## PROBLEM
Beginning at the line containing "Cô Đi Mà Kết", give again every line through the end of the data, unchanged and with both ends included. Drop any pictures.

## RECORDS FOR THE TASK

****************************************

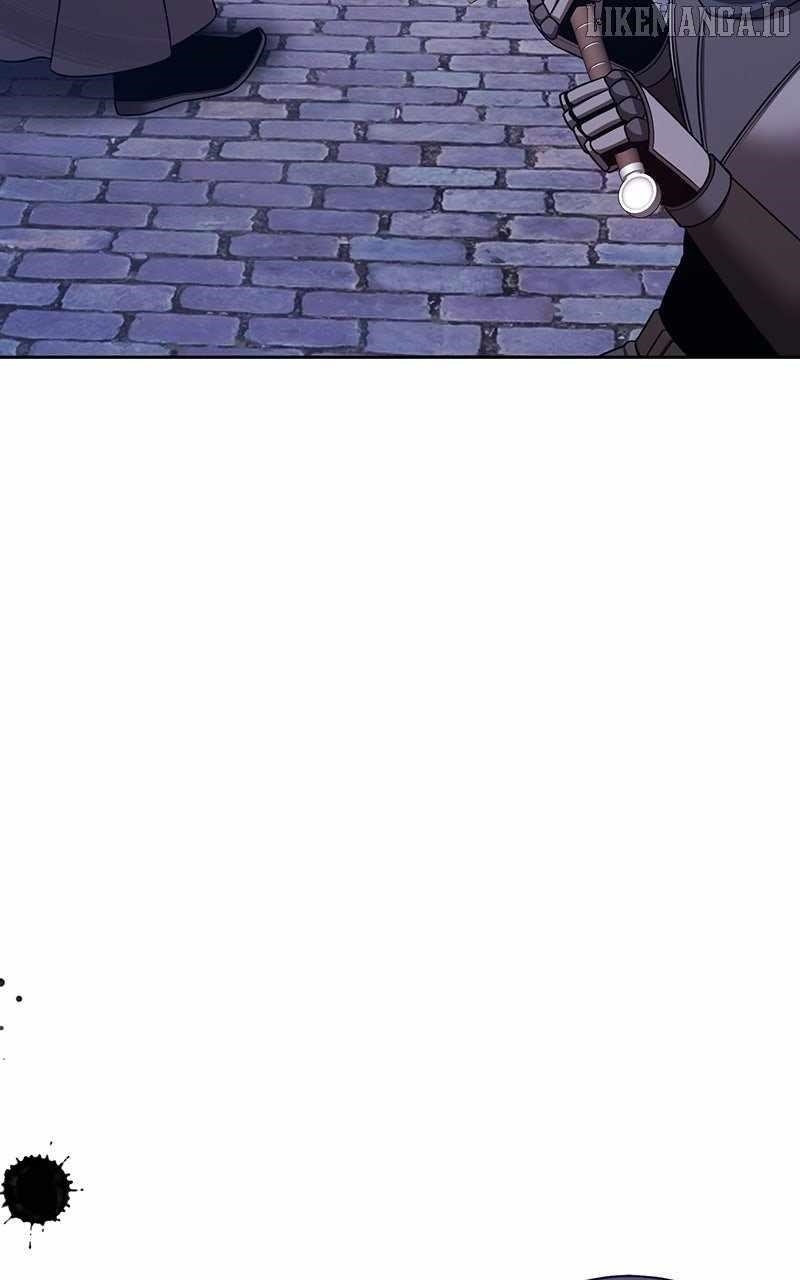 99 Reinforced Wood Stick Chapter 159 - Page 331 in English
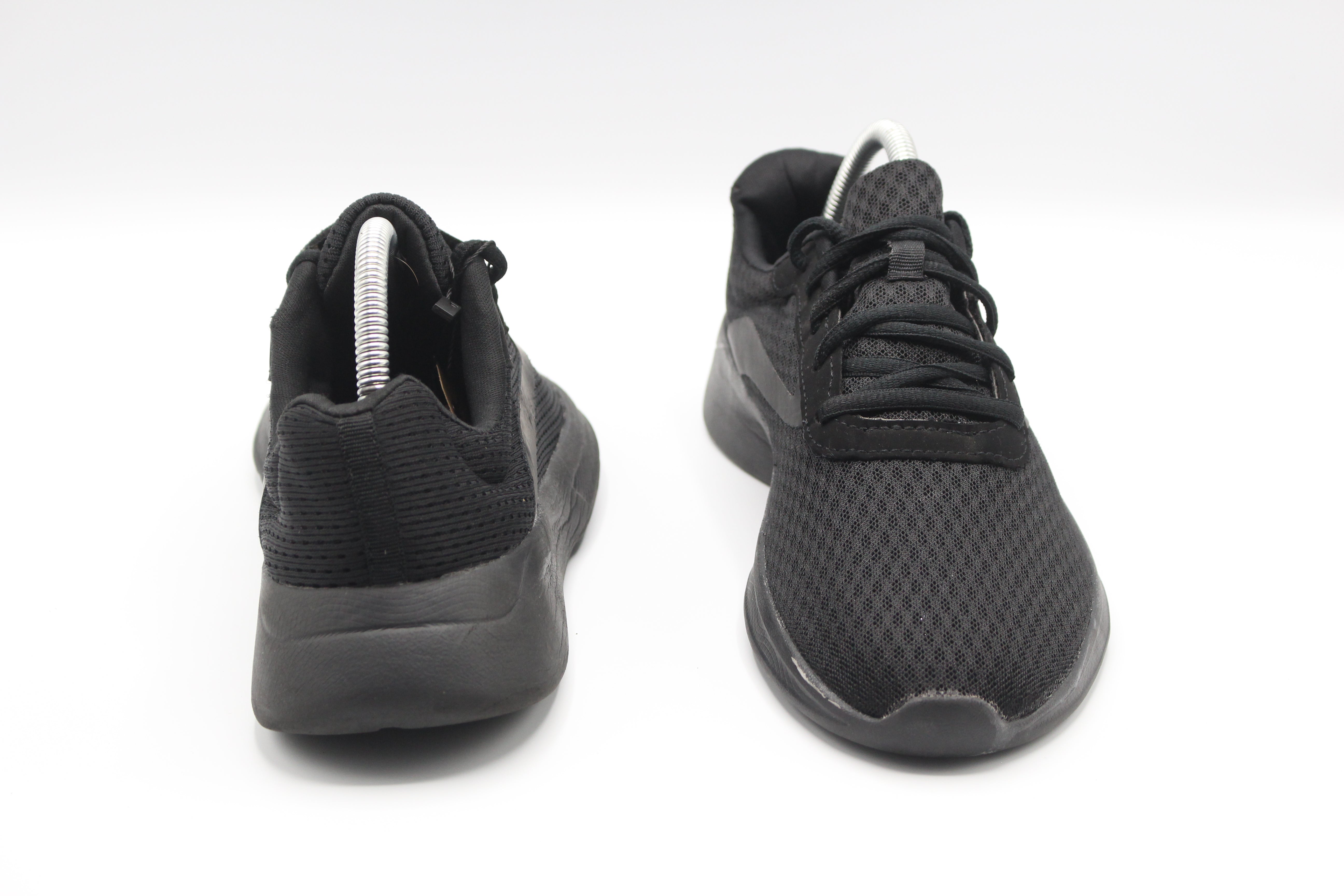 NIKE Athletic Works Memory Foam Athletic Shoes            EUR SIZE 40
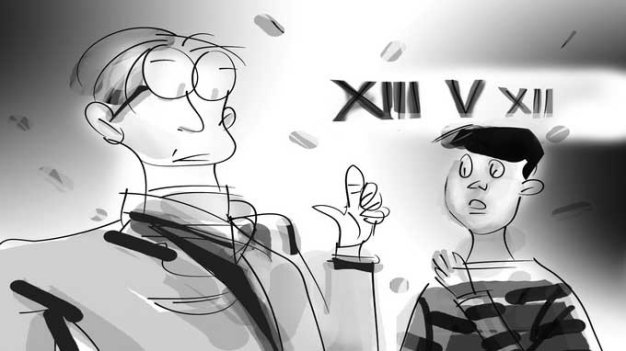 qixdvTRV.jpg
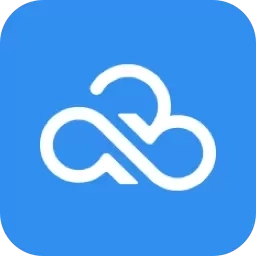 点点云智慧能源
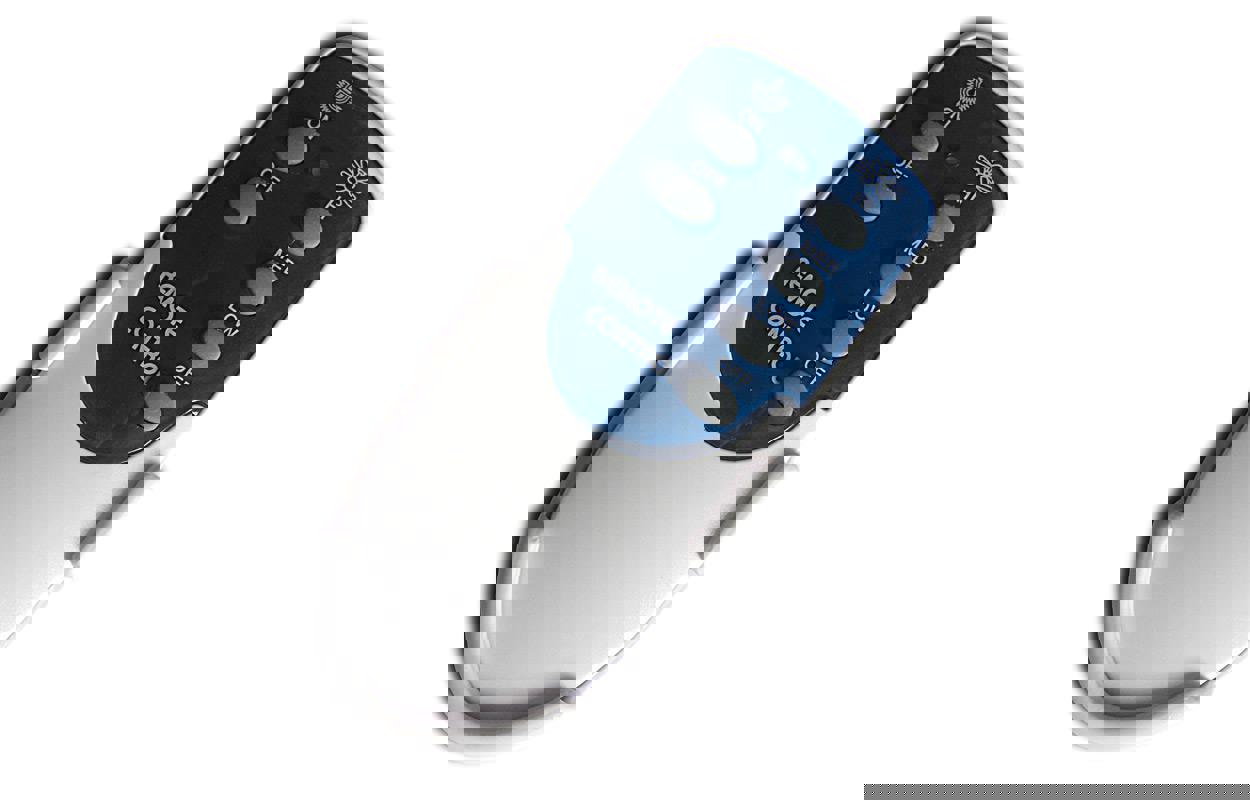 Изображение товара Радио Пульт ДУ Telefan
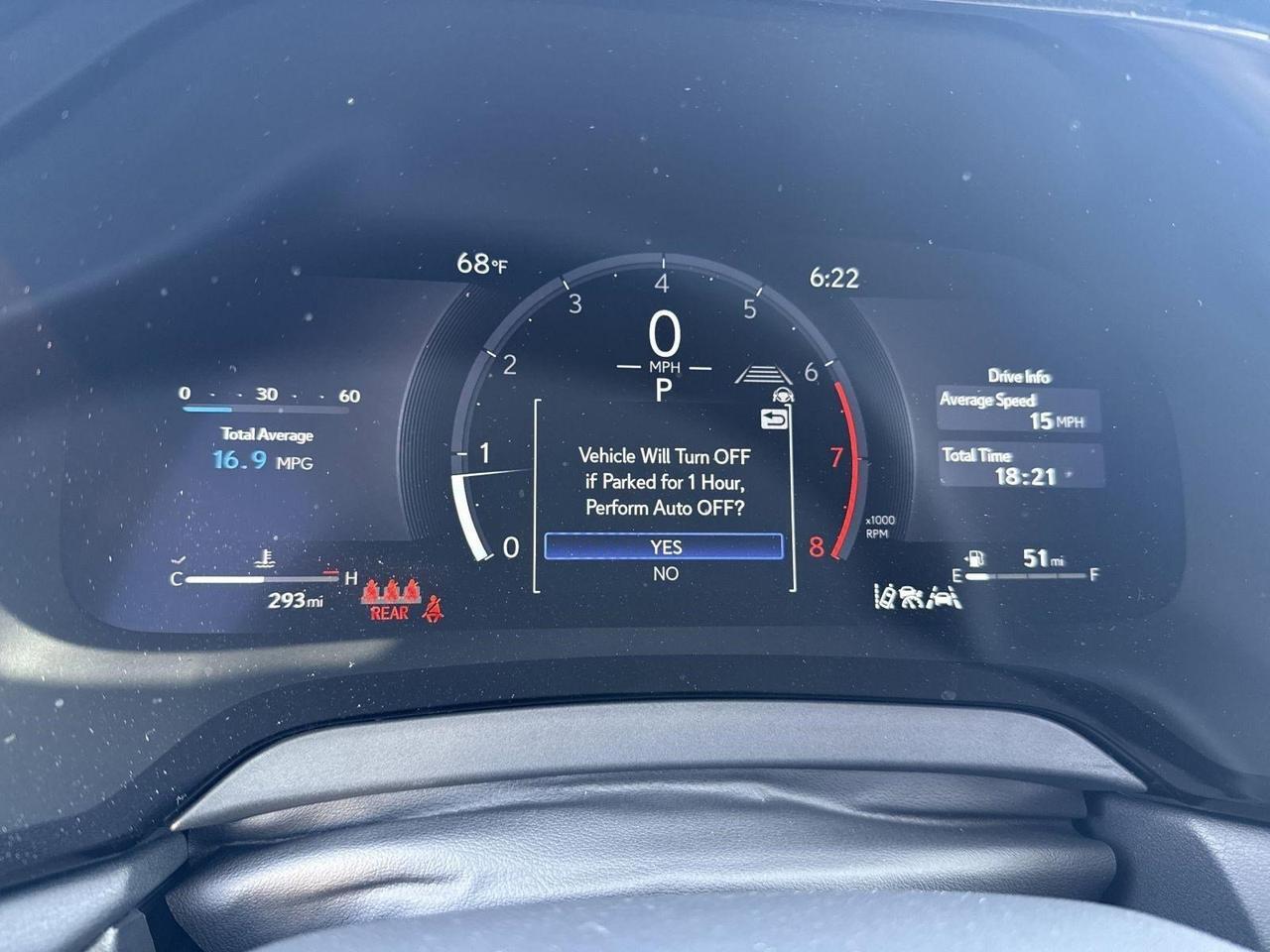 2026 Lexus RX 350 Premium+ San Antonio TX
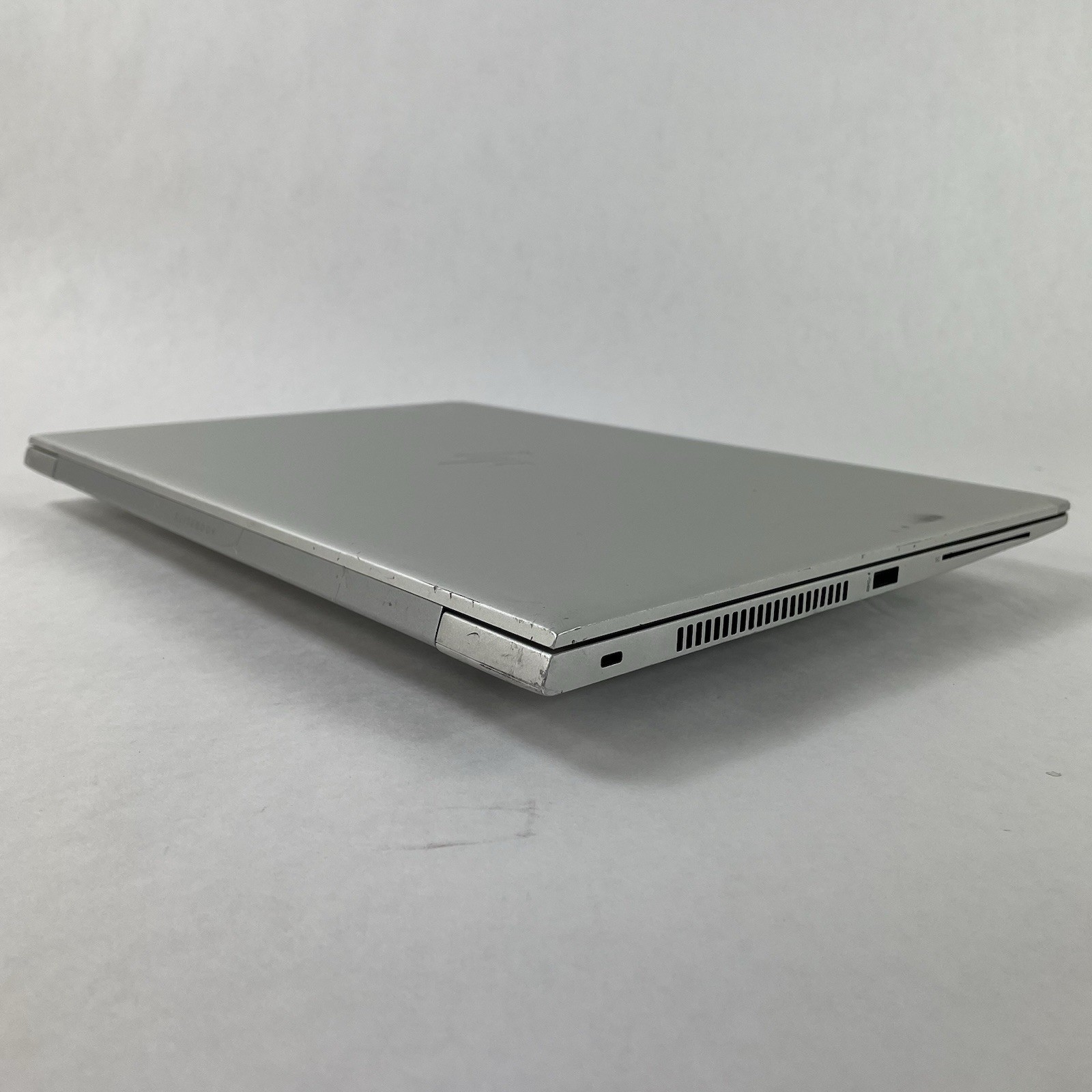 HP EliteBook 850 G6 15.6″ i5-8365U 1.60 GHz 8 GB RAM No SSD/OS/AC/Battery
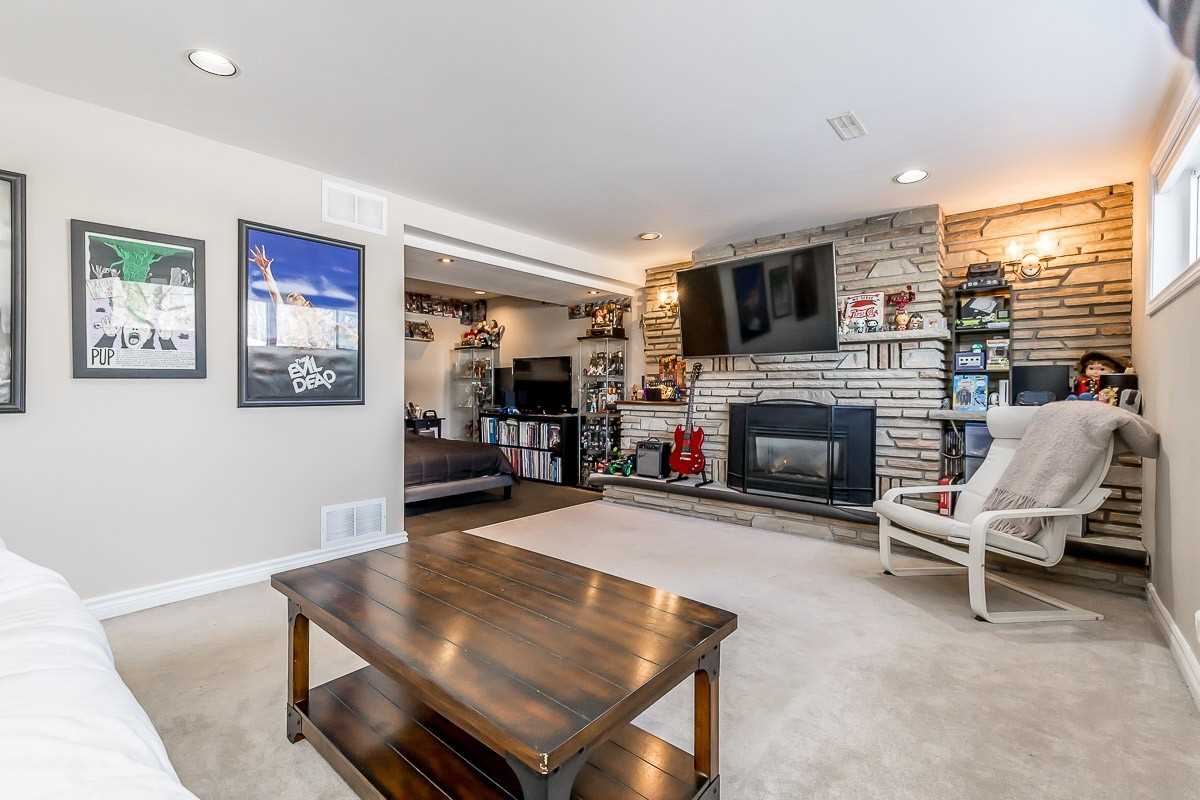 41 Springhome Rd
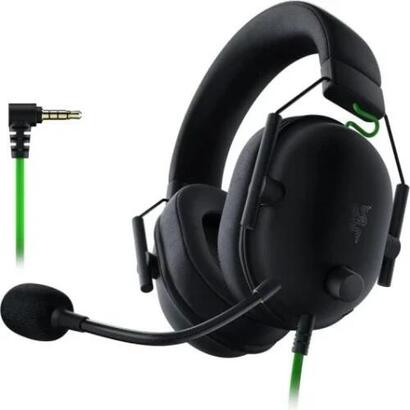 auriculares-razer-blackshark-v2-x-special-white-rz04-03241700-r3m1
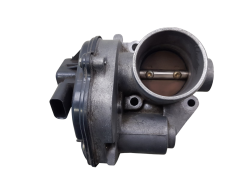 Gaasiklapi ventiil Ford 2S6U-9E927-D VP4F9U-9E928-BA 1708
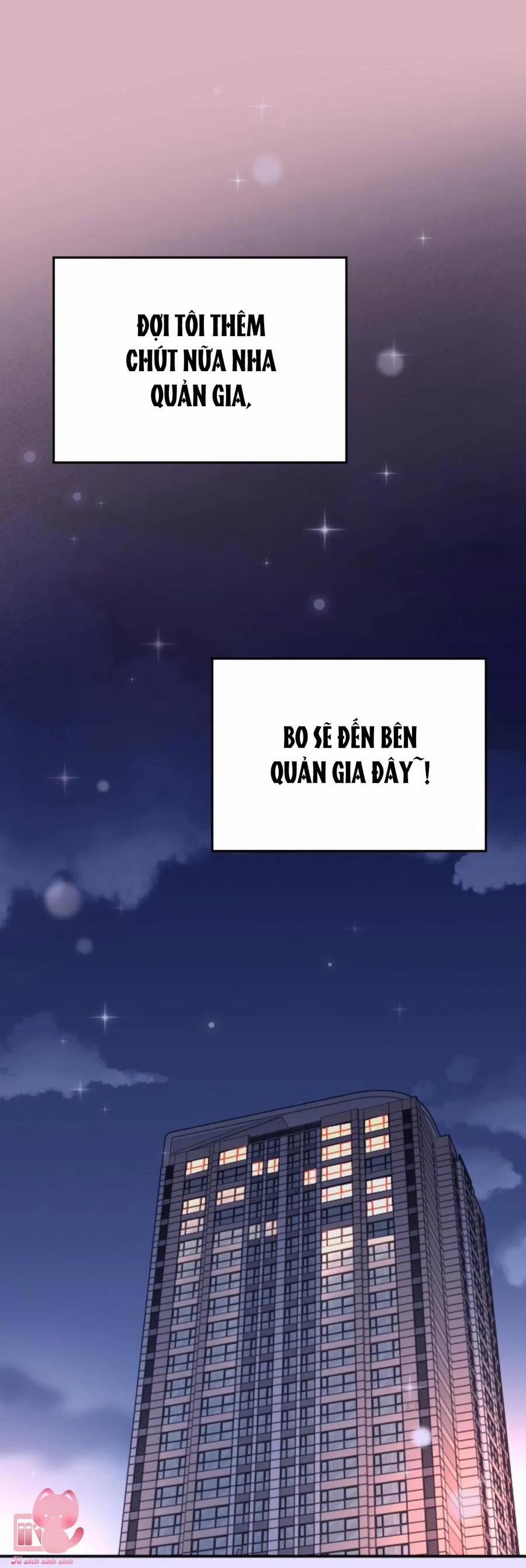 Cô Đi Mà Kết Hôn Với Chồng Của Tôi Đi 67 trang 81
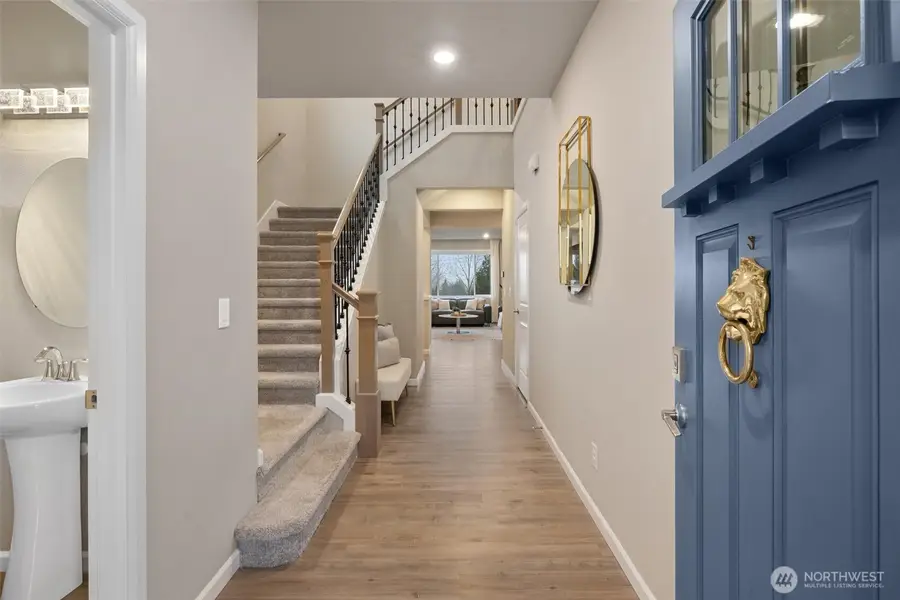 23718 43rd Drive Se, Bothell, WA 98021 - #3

****************************************

## EXERCISE SOLUTION
 Cô Đi Mà Kết Hôn Với Chồng Của Tôi Đi 67 trang 81
 23718 43rd Drive Se, Bothell, WA 98021 - #3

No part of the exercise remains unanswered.